Je soupçonnais donc que ce texte serait un peu compliqué à « avaler ». Mais comme je ne l’avais pas lu, je ne m’imaginais pas qu’il était aussi pénible à entendre, et surtout qu’il m’embarrasserait autant (ce qui n’est pas un défaut, je ne suis pas contre le poil à gratter) dans une perspective contemporaine. Le héros Baal est un héros fertile, adulé, encensé, jouisseur, manipulateur, violent, solitaire, irréductible, insolent, prédateur. Un Zarathoustra, une sorte de François Villon, un Rimbaud, un poète satanique.

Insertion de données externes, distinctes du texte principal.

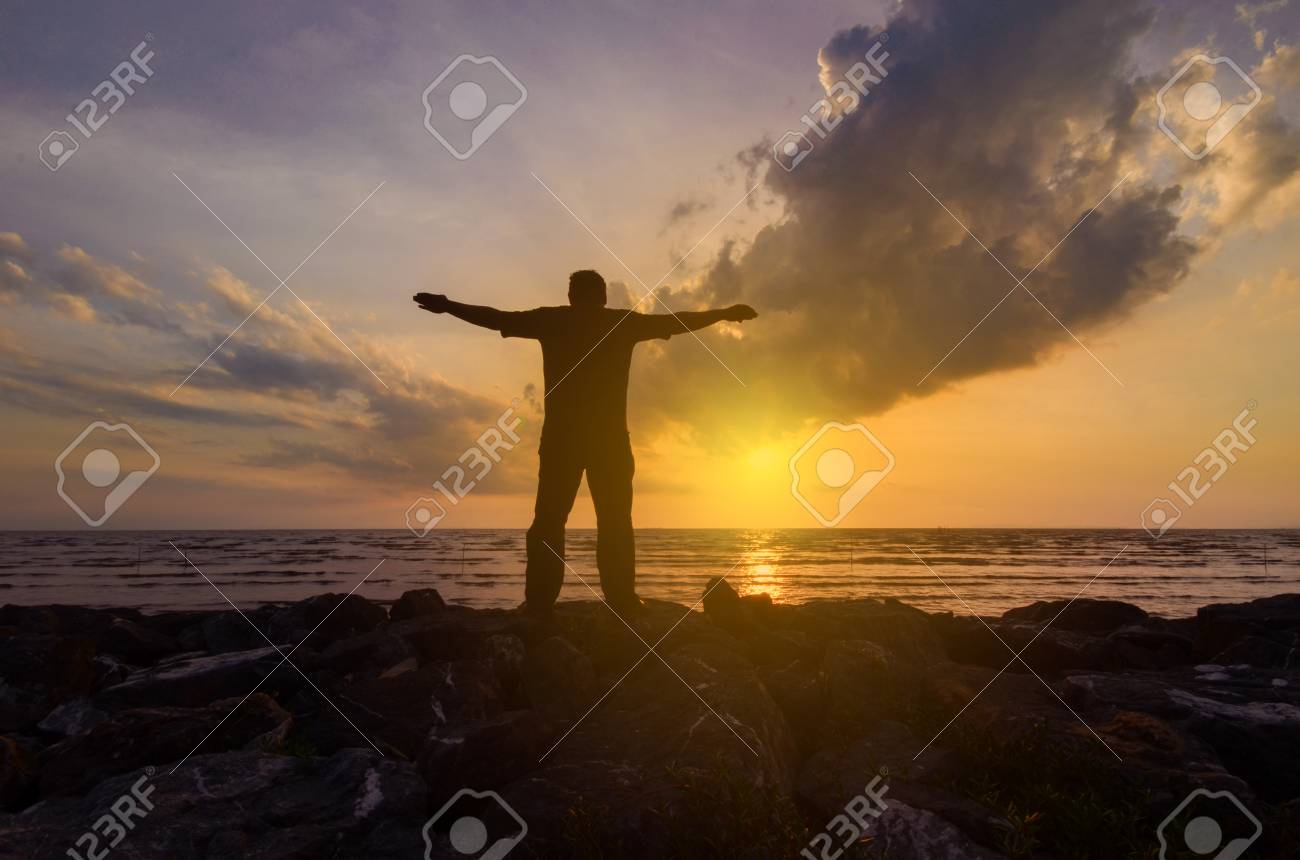 Silhouette Dun Homme Près De La Mer à Regarder Un Coucher De Soleil Dor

"C'est une bête, nous dit Brecht. Un être blessé, meurtri, un enfant de la guerre, engendré par un monde destructeur ». C’est un anti-social, un anarchiste, un Don Juan qui ne croit à rien, ne respecte rien.
Il cultive le culte de la nature, dans toute sa férocité, ses instincts bestiaux, sa magie, ses maléfices.
J’ai cherché qui était BAAL dans l’antiquité et dans la Bible, et c’était un maître, un propriétaire, un dieu solaire. Dans la théogonie antique, il était révéré comme un principe mâle et fécondateur, une sorte de phallus sacré. Il a aussi été adoré par les Hébreux dans les périodes lointaines, car il était dieu de la vie mais aussi de la mort. On lui sacrifiait des taureaux à Samarie. On retrouve la racine du mot dans le nom Hannibal (qui signifie « Baal est une grâce ») ou Balthasar (« Baal protège le roi »). On voit donc que ce dieu est directement le précurseur du Dieu des hébreux, du Dieu unique.
Pour en revenir à la pièce, il ne peut rien être reproché aux décors somptueux, bien pensés, ni aux acteurs qui exécutent une performance.
Mais pour un texte si difficile, était ce bien nécessaire de faire jouer de manière distanciée (méthode de Brecht certes mais dans le cas d’une pièce écrite bien avant la formulation de cette théorie ?????), était ce bien nécessaire alors qu’il s’agit d’une traduction de peser sur tous les mots ???? La poésie n’est guère flexible et a tendance à se dissoudre dans la langue, même si le traducteur a tout donné.
Et finalement pourquoi choisir ce texte maintenant, alors que l'époque regorge de héros maléfiques auxquels ne pas s'identifier?
Bref, cela a été un exercice de patience et de maîtrise de soi que de rester 2h30 assise au 3ème rang, et face à la scène (donc impossible de se lever discrètement pour sortir) pour attendre les dernières vociférations de fin.